The date for Thursday's elections was set before Arafat's death in November. The 26 communities chosen for the first round are Fatah strongholds, said Ali Jarbawi, former head of the Central Elections Commission.
Some 150,000 Palestinians were eligible to vote in Thursday's elections. About 800 candidates are vying for 360 municipal council positions. Some seats were reserved for women.
Elections officials said they expect more than 90 percent of eligible voters to cast ballots.
Shops and cars throughout Jericho were plastered with pictures of candidates running for one of the town's 15 council seats. Outside polling stations, small children handed out postcards listing candidates from competing slates.
At a Jericho girls' school that had been converted into a polling station, hundreds waited to vote, filing past a cartoon poster showing people how to vote and instructing them not to smoke or carry guns inside. "Voting is a right and that right is yours," the poster said.
The polls opened about half an hour late there — and at other stations in town — because the election commission was late in delivering the ballot boxes.
"Just the crush of people was totally unexpected," said Nasser Awanja, the election official in charge of the station. "Because it has been since 1976 since we have had elections, they are really fired up," he said.
Long lines snaked around polling stations in the village of Tubas in the northern West Bank, and some of the candidates handed out sandwiches and juice to waiting voters.
"I have been standing here for an hour and half with my wife who is pregnant.
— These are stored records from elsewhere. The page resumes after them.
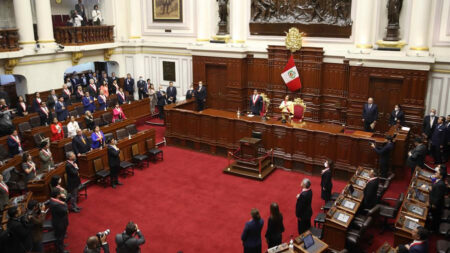 Congreso de Perú aprueba reconsiderar votación sobre adelanto de elecciones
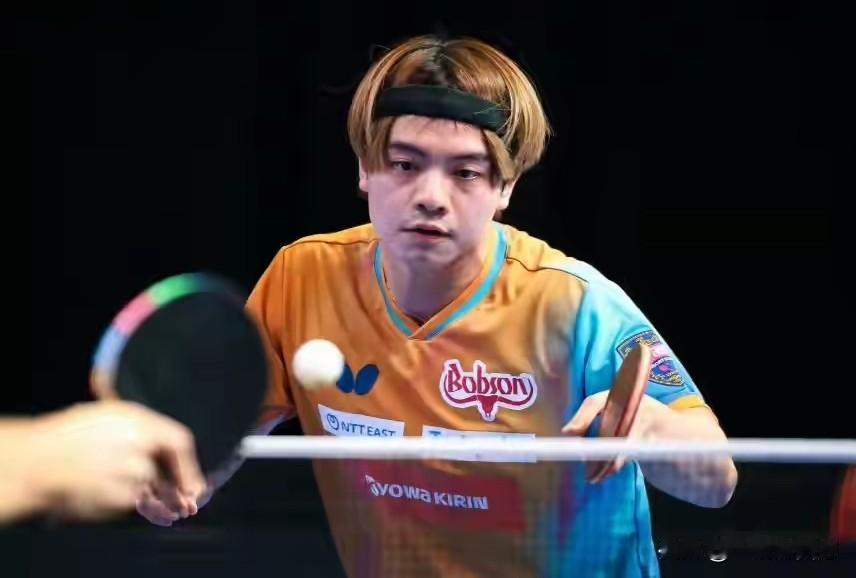 海口乒乓球亚洲杯刚开赛就连爆冷门，本次比赛韩国男单独苗张禹珍2-3负于新加坡的郭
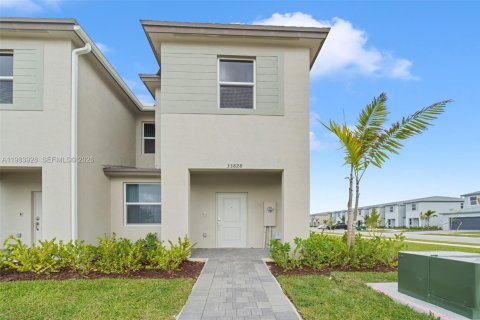 Townhouse in Florida City, Florida 4 bedrooms, 129.41 sq.m. № 2046704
She can't stand for long so I took her home and now I have come back to vote," said Musharef Mahmoud, 43. He would be very angry if his wife does not get a chance to vote, he said.
Palestinian Cabinet minister Saeb Erekat met Wednesday with Israeli officials to discuss arrangements for the presidential election. Israel has said it would withdraw troops from Palestinian cities a day before the vote, for 72 hours.